DESCRIPTION OF THE TASK: With pictures left out, set down exactly the lines that begin at the one containing "Lexora Home Jacques" and end with the last line of the entries below.

Extracted data entries
----------------------------------------
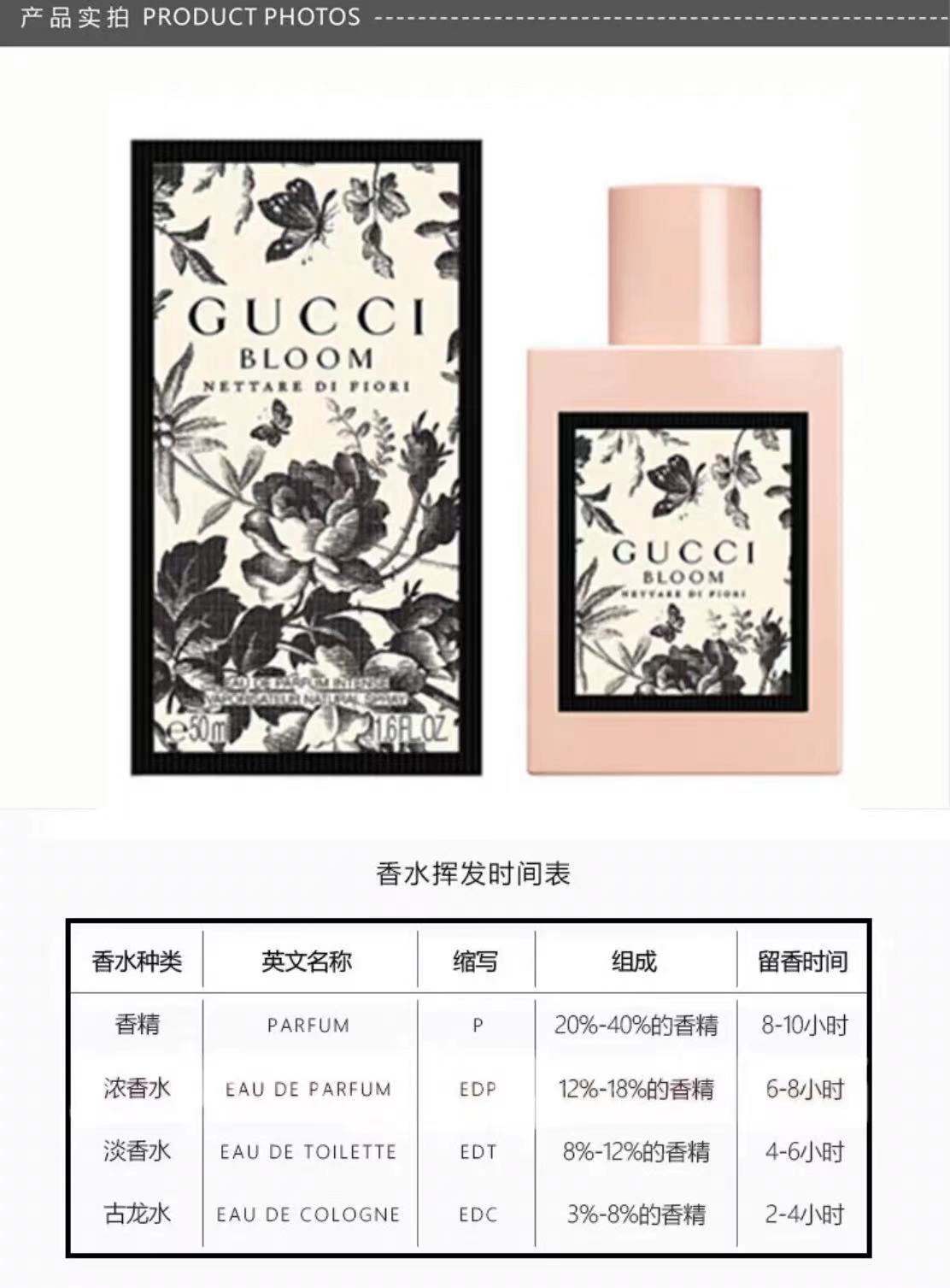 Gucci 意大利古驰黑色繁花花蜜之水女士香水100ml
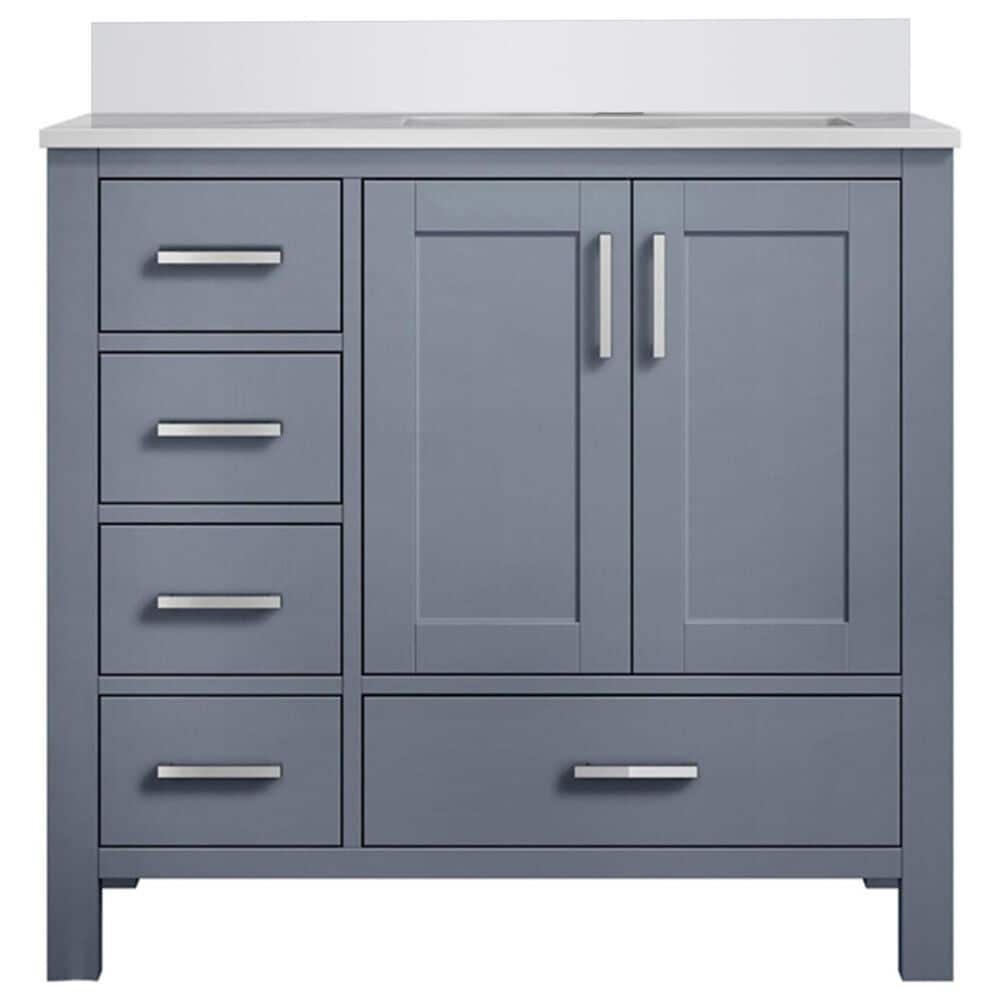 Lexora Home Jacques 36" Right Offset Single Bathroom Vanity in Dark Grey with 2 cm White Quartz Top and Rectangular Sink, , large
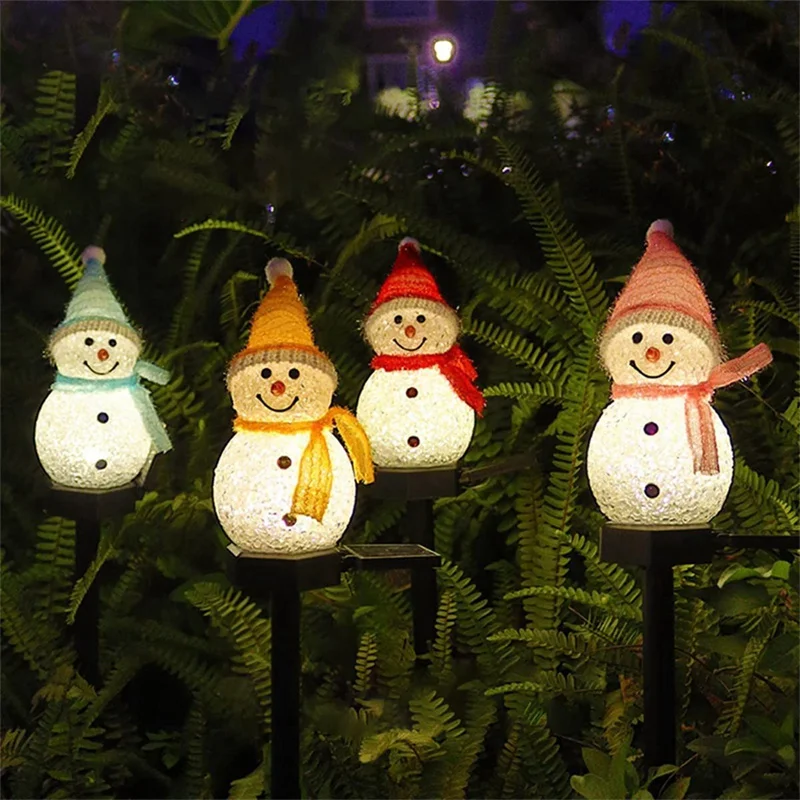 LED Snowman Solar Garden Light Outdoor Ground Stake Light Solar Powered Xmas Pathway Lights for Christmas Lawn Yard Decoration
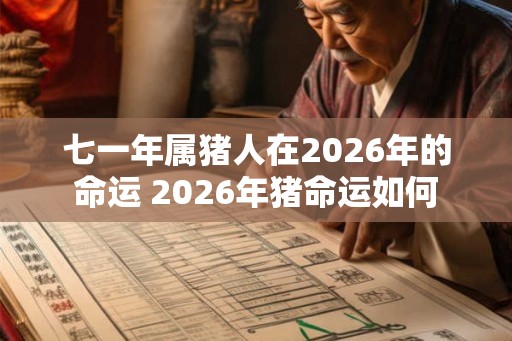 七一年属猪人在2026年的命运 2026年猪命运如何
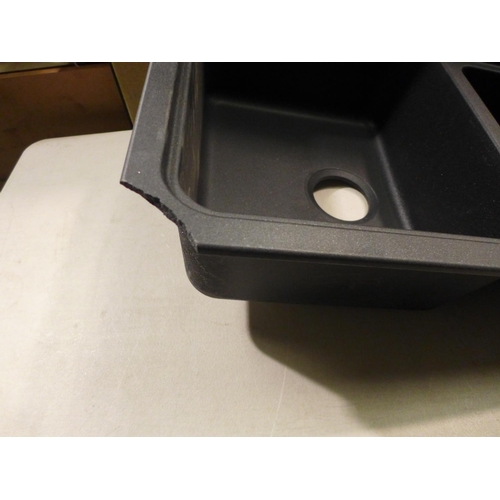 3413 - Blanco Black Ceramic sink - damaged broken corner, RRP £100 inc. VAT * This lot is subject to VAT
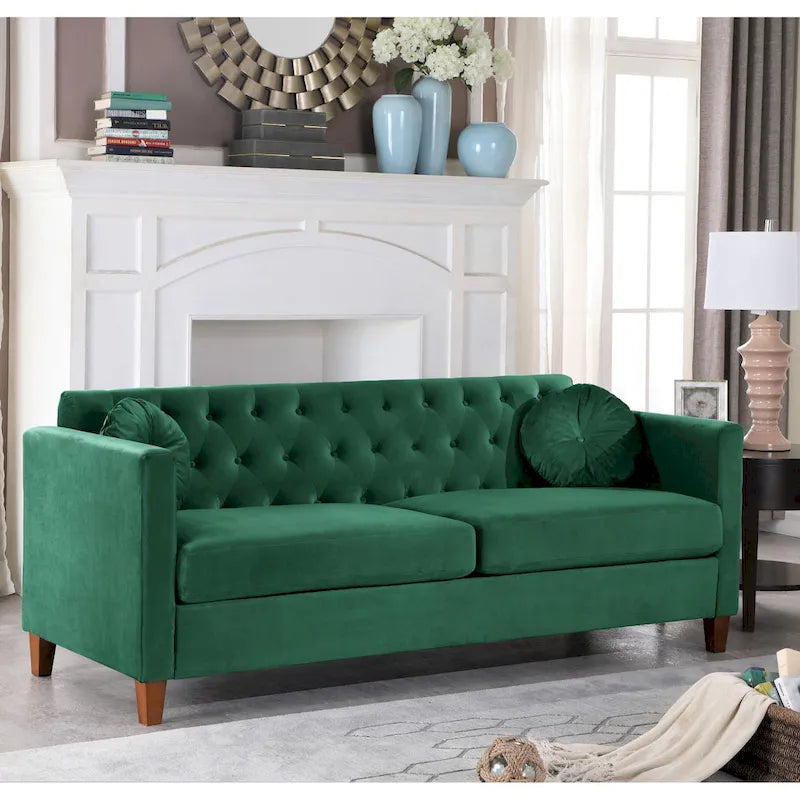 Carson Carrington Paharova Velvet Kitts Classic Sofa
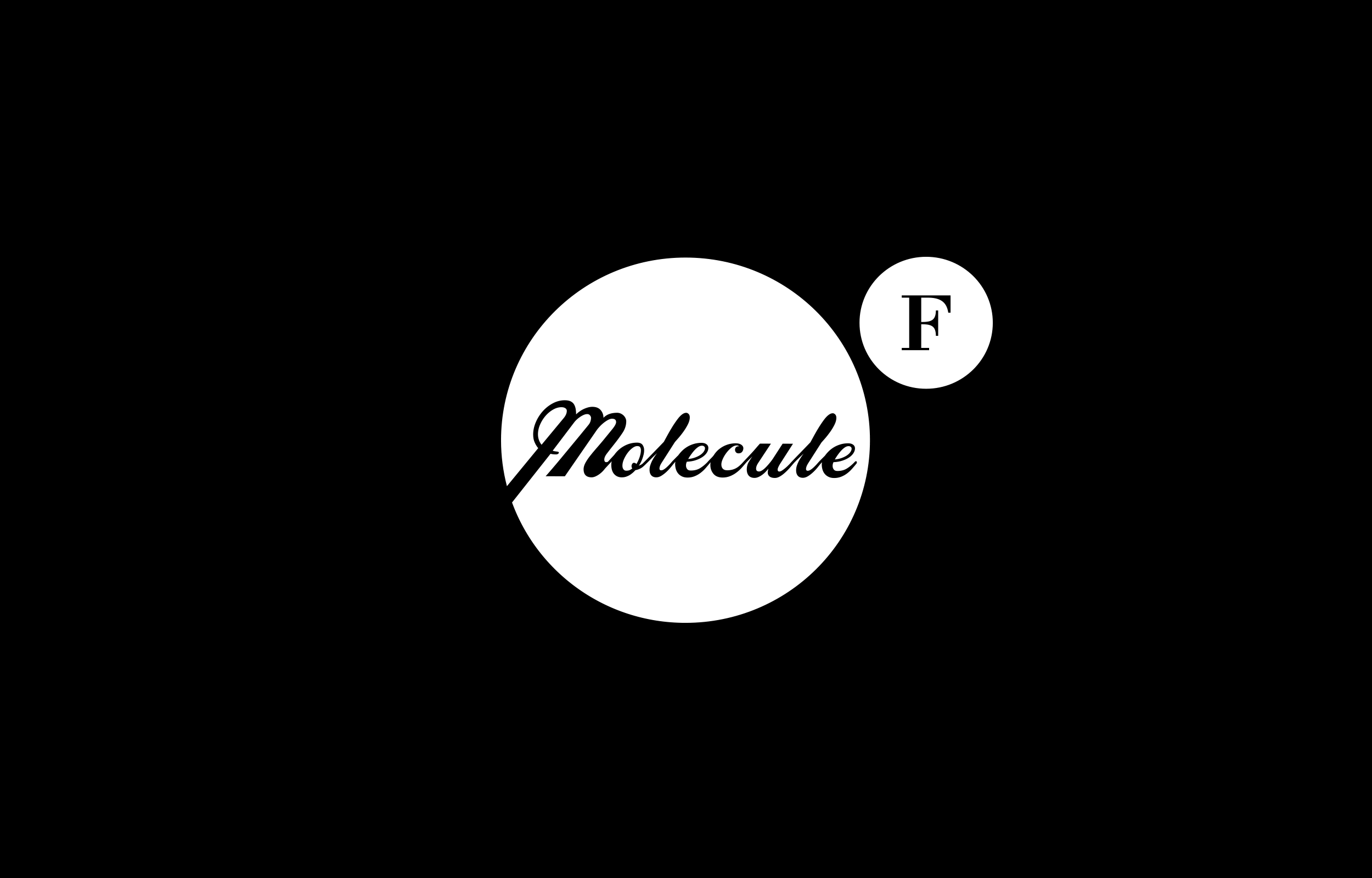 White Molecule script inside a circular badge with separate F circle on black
----------------------------------------
RESULT BELOW:
 Lexora Home Jacques 36" Right Offset Single Bathroom Vanity in Dark Grey with 2 cm White Quartz Top and Rectangular Sink, , large
 LED Snowman Solar Garden Light Outdoor Ground Stake Light Solar Powered Xmas Pathway Lights for Christmas Lawn Yard Decoration
 七一年属猪人在2026年的命运 2026年猪命运如何
 3413 - Blanco Black Ceramic sink - damaged broken corner, RRP £100 inc. VAT * This lot is subject to VAT
 Carson Carrington Paharova Velvet Kitts Classic Sofa
 White Molecule script inside a circular badge with separate F circle on black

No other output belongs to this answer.